December 4, 2024
By: Nick Laybourn
In today’s business world, contracts are everywhere—from vendor agreements to leases. Yet, one overlooked section can pose significant risks: indemnity and insurance clauses. This article explores how businesses can use these clauses to protect themselves from unexpected liabilities and why careful drafting is essential.
It makes good business sense to enter contracts carefully, ensuring each aspect of the contract accurately details responsibility, deliverability, and cost. While businesses rightfully scrutinize the commercial terms of a contract before signing, the indemnity and insurance sections of the contract are often overlooked and left with boilerplate language. The reality is reviewing these clauses is just as important, as relying on ‘standard’ language can create unexpected exposure to liability.
In simple terms, an indemnity clause allows one party (the ‘indemnitee’) to seek reimbursement (‘indemnity’) for physical or financial harm from the other party (the ‘indemnitor’).

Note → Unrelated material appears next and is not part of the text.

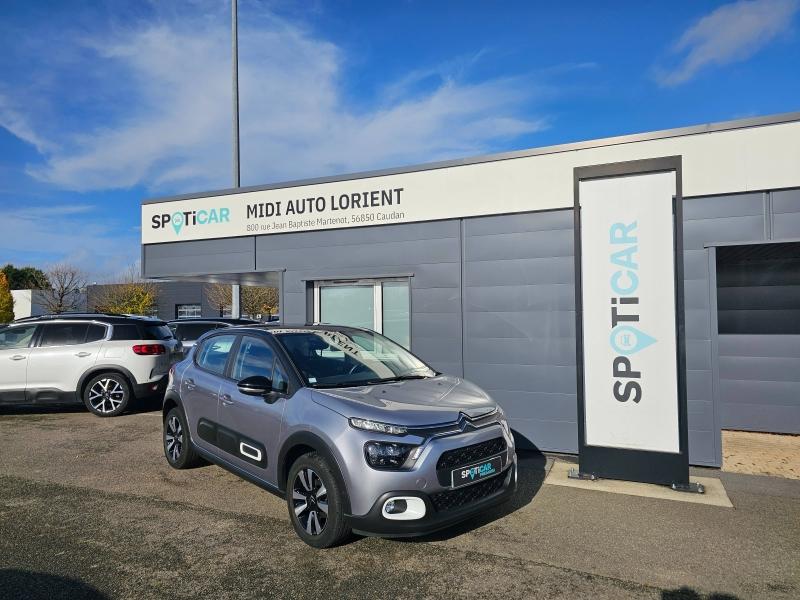 Véhicule d'occasion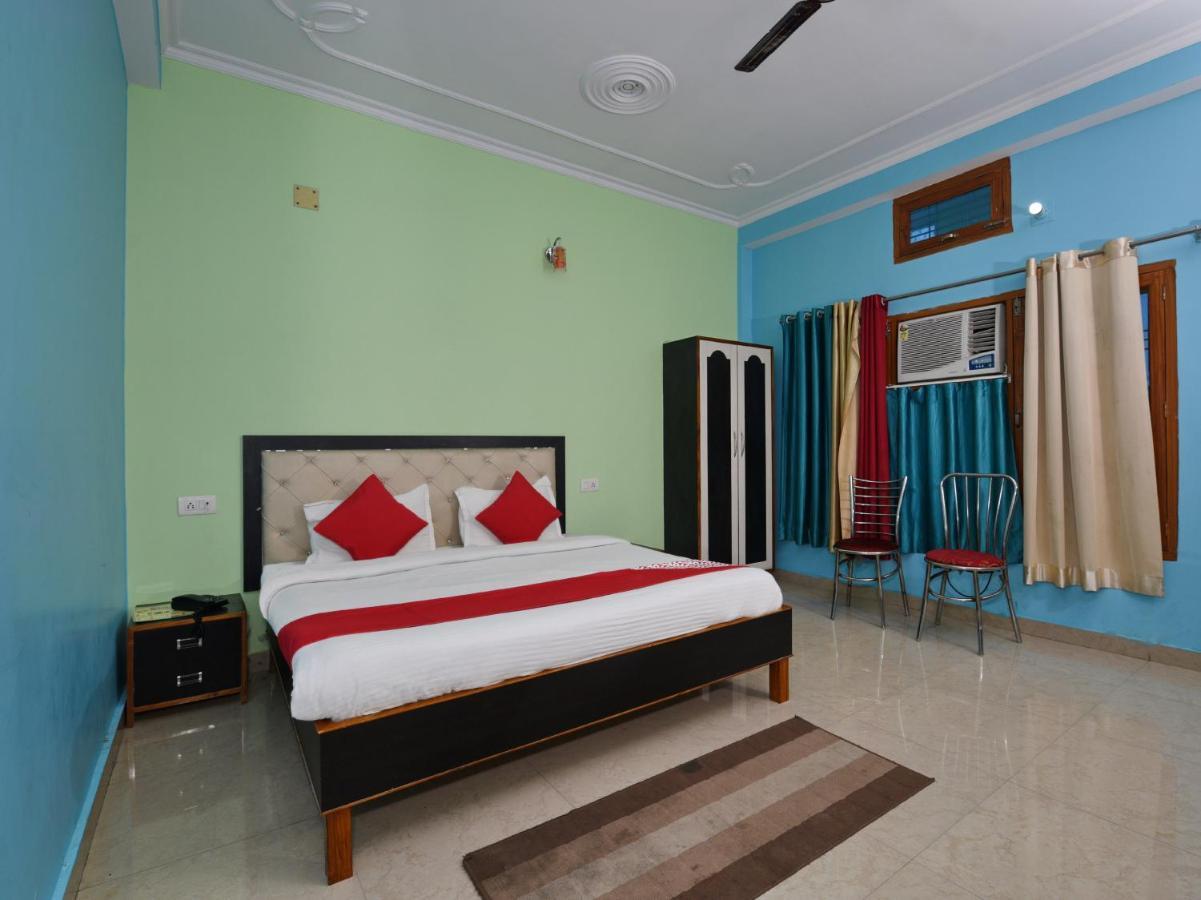 Oyo 4409 Hotel Chaitanya Inn Varanasi Ngoại thất bức ảnh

For example, imagine a property owner leases their space to a tenant who runs a business at the site. During the lease, a customer of the tenant’s business falls, injures herself, and sues the property owner for damages. A well-drafted indemnity clause in the lease can provide a contractual mechanism for the property owner to transfer legal and financial obligations associated with the lawsuit to the tenant. If the indemnity clause is not tailored to align with the circumstances of the lease, the property owner may not have the protection they believed they had when they entered the lease. In this scenario, the property owner may end up being responsible for the cost of defending and resolving the lawsuit resulting from the customer’s fall.
Pairing an indemnity clause with an obligation that the indemnitor provides insurance coverage to meet the indemnity obligations is another layer of protection that businesses should consider when entering a contract. When the indemnitor is required to carry insurance to cover an indemnity obligation, the indemnitee has the ability to look to the insurer to address claims that are covered by the indemnity clause.
Like any contract term, indemnity and insurance clauses are negotiable and should never be viewed as ‘take it or leave it.’ Just as every agreement is customized, indemnity and insurance clauses should be tailored to the circumstances of the contract at issue.
Indemnity and insurance clauses are crucial tools for managing risk in contracts. While precautions should be taken with all new contracts, businesses should also review existing standard form contracts to make sure they contain appropriate indemnity and insurance protection.
Before signing, consult a legal professional to ensure these clauses are tailored to your business’s needs. Additionally, take time to review and update standard contracts to confirm they provide sufficient protection against potential liabilities.
Taking these proactive steps can help protect your business from unforeseen legal and financial exposure.